Classification society DNV has added 8 LNG dual-fuel ships to its Alternative Fuels Insight platform last month. The first quarter of this year has been slow for LNG-powered newbuild orders after a record 2022 with 222 orders, reports LNG Prime.
In January, DNV reported no orders for LNG-powered vessels, while there were 10 LNG dual-fuel ships and 22 methanol-powered vessels ordered in February.
“A slightly slower month in March as we added 10 ships with alternative fuels propulsion to our AFI database, eight of which are LNG-fueled,” Martin Wold, principal consultant at DNV’s maritime advisory business, said on Tuesday.
During the month under review, Samskip contracted two hydrogen-powered containership at India’s Cochin Shipyard.
“No new methanol orders were added, but the pipeline keeps building so next month may likely see a high count again,” Wold said.

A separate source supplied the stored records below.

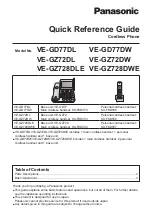 Panasonic VE-GD77DL Quick Reference Manual preview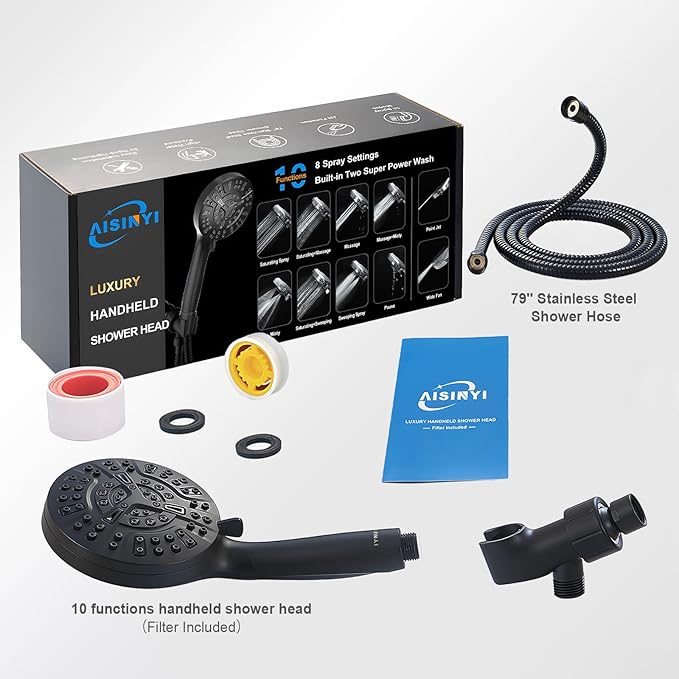 Filtered Shower Head with handheld, 10 Functions High Pressure showerhead with 79"Stainless Steel Shower Hose, Built-in 2 Power Wash, Replaceable Filter Design to Improve Water Quality (Matte Black)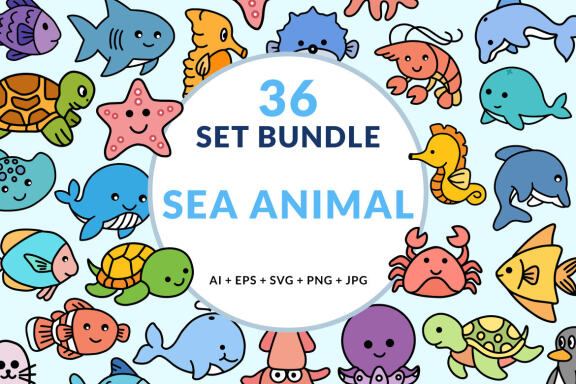 36 Set Bundle Cute Baby Sea Life Ocean Animal Underwater Creature Fish Clipart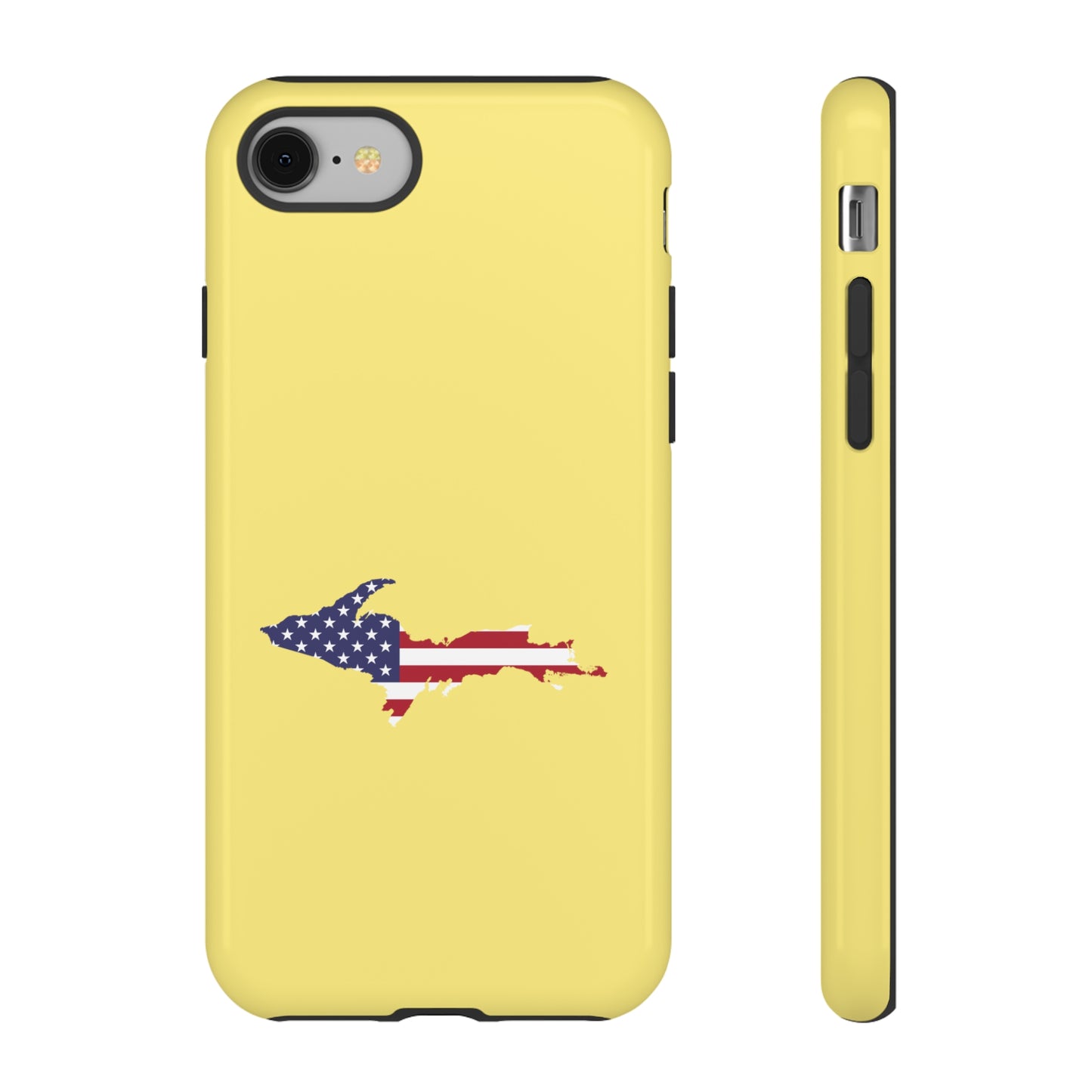 Michigan Upper Peninsula Tough Phone Case (Yellow Cherry Color w/ UP USA Outline) | Apple iPhone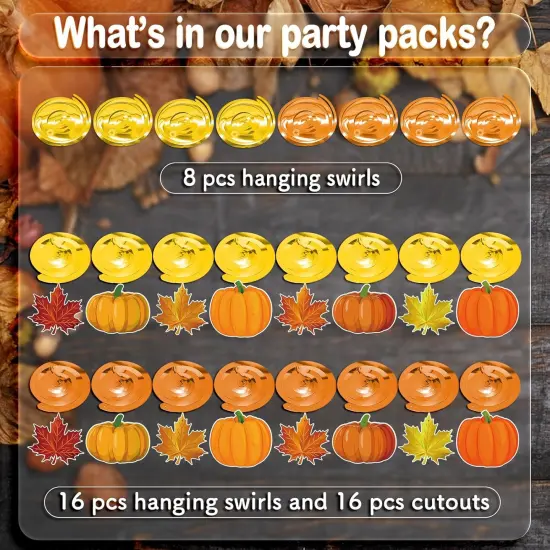 Fall Pumpkin Maple Leaf Hanging Swirl - Orange {4}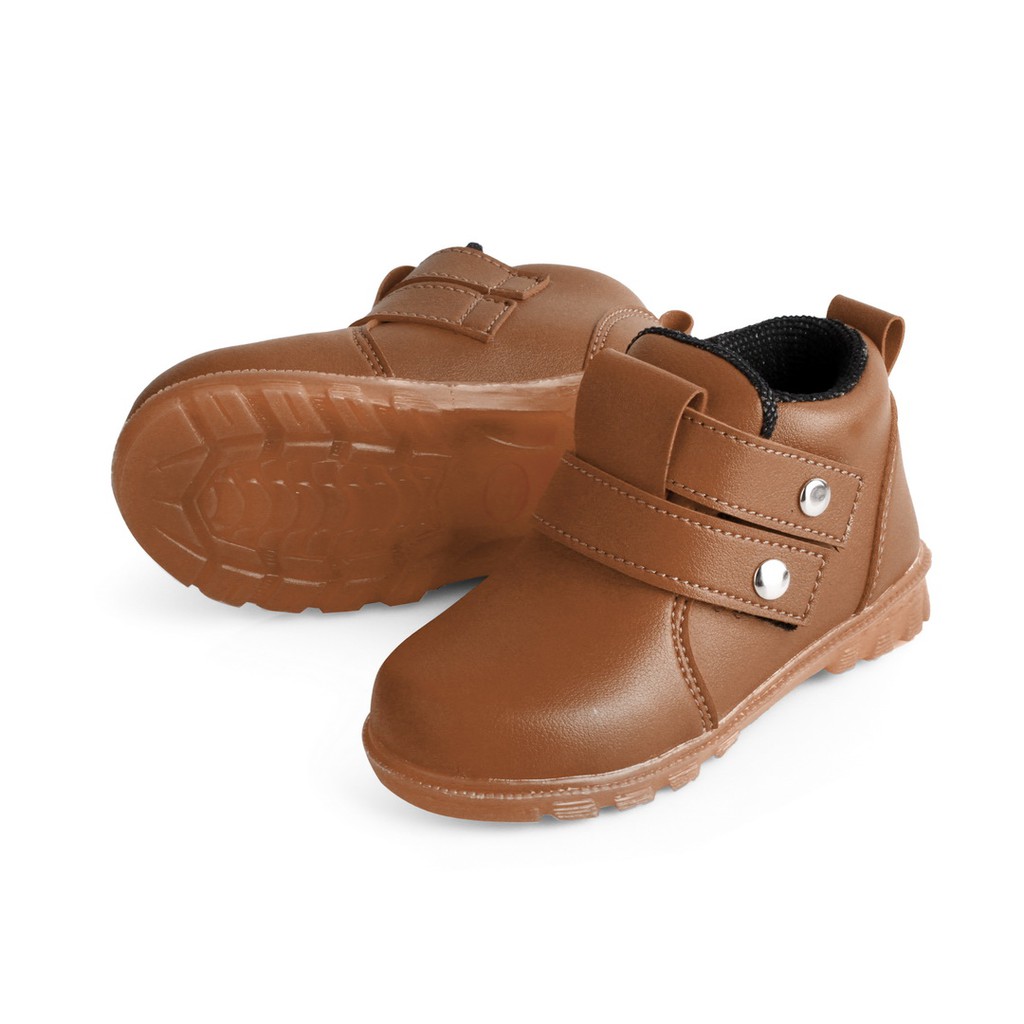 sepatu anak laki laki boots tinggi keren DT2 BROWN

379 LNG-powered ships in operation
DNV’s platform shows that 379 LNG-powered ships are already in operation, while owners placed orders for 515 LNG-fueled vessels.
LNG-powered crude oil tankers lead the way with 54 in operation, followed by 46 containerships, 44 oil/chemical tankers, and 43 passenger ferries.
As per vessels on order, LNG-powered containerships account for a big part of the orders with 188 units. Owners also ordered 121 car carriers, 44 oil and chemical tankers, and 42 bulk carriers.
These statistics do not include smaller inland vessels or dual-fuel LNG carriers.
44 LNG bunkering vessels and 176 LPG-powered ships
Besides LNG-powered vessels, there are 44 LNG bunkering vessels in operation and 20 on order, the platform shows.
In addition to 894 confirmed LNG-powered ships, the fleet powered by alternative fuels also includes 176 LPG-powered ships, 106 methanol-fueled vessels, and 27 hydrogen-fueled vessels, according to the platform.